Task to complete: Although the listing contains pictures, reproduce only its text, exactly as written.

Raw data:
============================================================
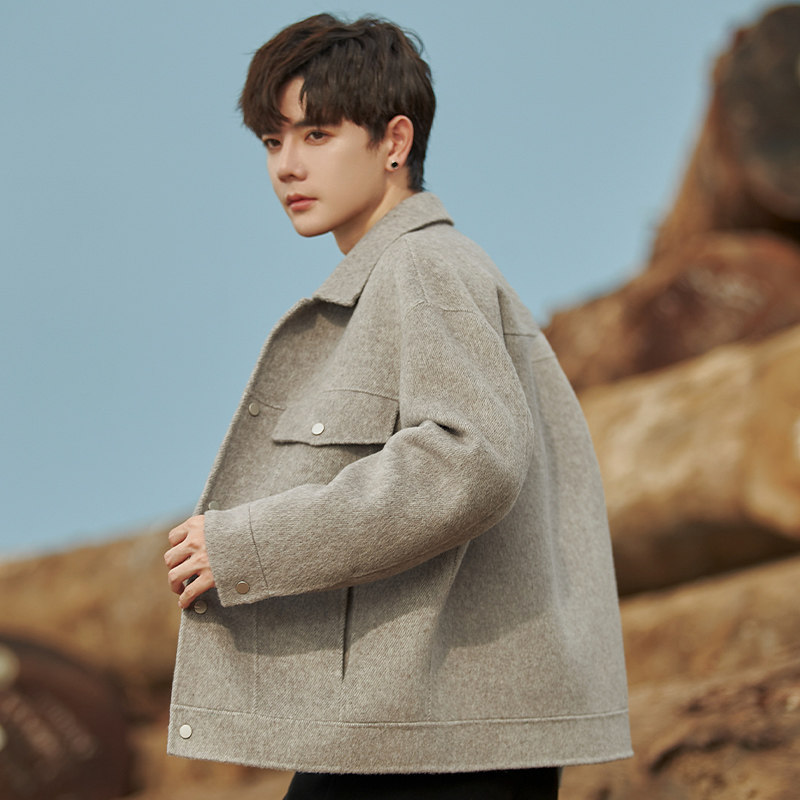 秋冬季新款男士双面羊毛呢子大衣短款加厚休闲高档外套夹克男装潮,淘宝优惠券,粉丝福利购,淘宝优惠卷
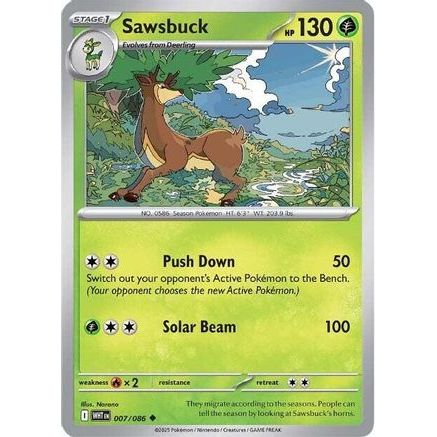 Sawsbuck 7 - SV White Flare Reverse Holofoil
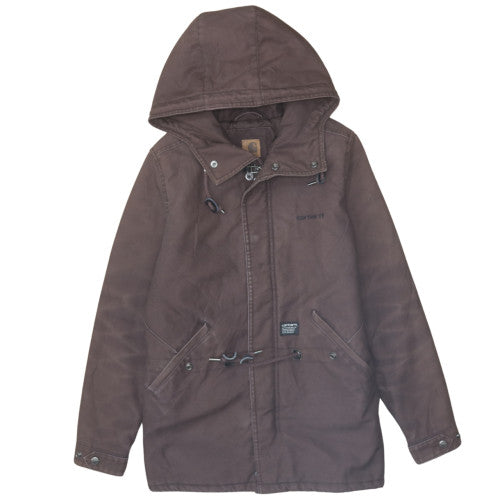 Carhartt Men's Brown XS Parka Jacket Hooded Lined Cotton Twill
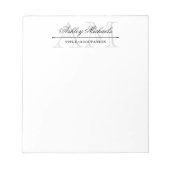 Elegant Script Gray 2 Initial Monogram Name Title Notizblock (Vorderseite)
============================================================
Result:
 秋冬季新款男士双面羊毛呢子大衣短款加厚休闲高档外套夹克男装潮,淘宝优惠券,粉丝福利购,淘宝优惠卷
 Sawsbuck 7 - SV White Flare Reverse Holofoil
 Carhartt Men's Brown XS Parka Jacket Hooded Lined Cotton Twill
 Elegant Script Gray 2 Initial Monogram Name Title Notizblock (Vorderseite)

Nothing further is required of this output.